Contrairement aux stéréotypes, la plupart des personnes âgées continuent de vivre dans des logements privés. Seulement 7 pour 100 des Canadiens âgés de 65 ans et plus vivent en établissement. La probabilité de vivre dans un tel milieu s’accroît avec l’âge : 32 pour 100 des Canadiens de plus de 85 ans y vivent et, en raison de leur plus grande espérance de vie, ces résidents sont en grande majorité des femmes[43].

 

A. Vieillir chez soi

On accepte généralement le principe que les personnes âgées devraient pouvoir « vieillir chez elles » et recevoir les services et les soutiens dont elles ont besoin dans les collectivités où elles vivent. En fait, les personnes âgées font face à de nombreux obstacles qui peuvent entraîner leur placement en établissement; citons seulement la pénurie de logements et de services abordables et l’insuffisance des soutiens sociaux. Par exemple, les règlements qui régissent la quantité permise de soins que les centres d’accès aux soins communautaires peuvent approuver ont pour effet de restreindre énormément la disponibilité des soins à domicile. Ces centres ne sont même pas toujours en mesure d’offrir les services obligatoires.
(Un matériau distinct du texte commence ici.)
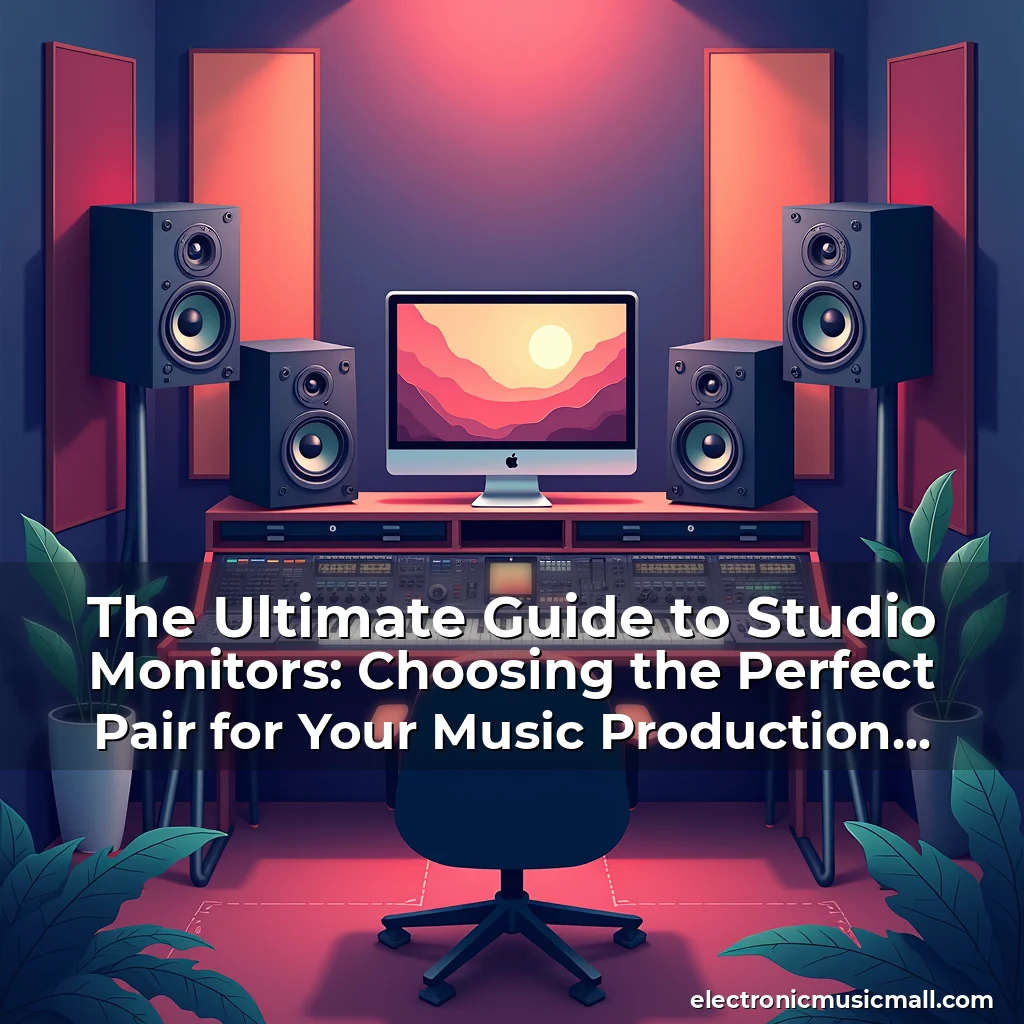 Artistic representation for The Ultimate Guide to Studio Monitors: Choosing the Perfect Pair for Your Music Production Space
Nous incitons la Commission à examiner les critères des services que doivent fournir les centres d’accès aux services communautaires selon la Loi sur les soins de longue durée, le manque de règlements sur les critères d’accès et d’admissibilité aux divers services, les ententes de financement conclues entre les réseaux locaux d’intégration des services de santé et les centres d’accès aux soins communautaires, la suffisance de ces ententes par rapport aux obligations de ces centres d’offrir les services obligatoires énumérés dans la Loi sur les soins de longue durée et la question de savoir si les personnes âgées jouissent de tous les avantages prévus par la Loi.
– Advocacy Centre for the Elderly

 

B. L’imposition de normes : favoriser la sécurité des pensionnaires des établissements

Les établissements où vivent les personnes âgées sont des maisons de soins, communément appelés « maisons de retraite », et des établissements de soins de longue durée. Ces derniers sont régis par des textes spéciaux, notamment la Loi sur les maisons de soins infirmiers[44], la Loi sur les foyers pour personnes âgées et les maisons de repos[45] et la Loi sur les établissements de bienfaisance[46]. Ces textes stipulent les exigences en matière de permis, d’admission, de plans de soins, de frais et de droits et d’inspection. L’Ontario a adopté une nouvelle loi qui, lors de son entrée en vigueur par proclamation, remplacera toutes ces lois : il s’agit de la Loi de 2007 sur les foyers de soins de longue durée[47]. Les logements qui entrent dans le champ de ces lois sont dispensés des mesures de protection prévues par la Loi de 2006 sur la location à usage d’habitation[48].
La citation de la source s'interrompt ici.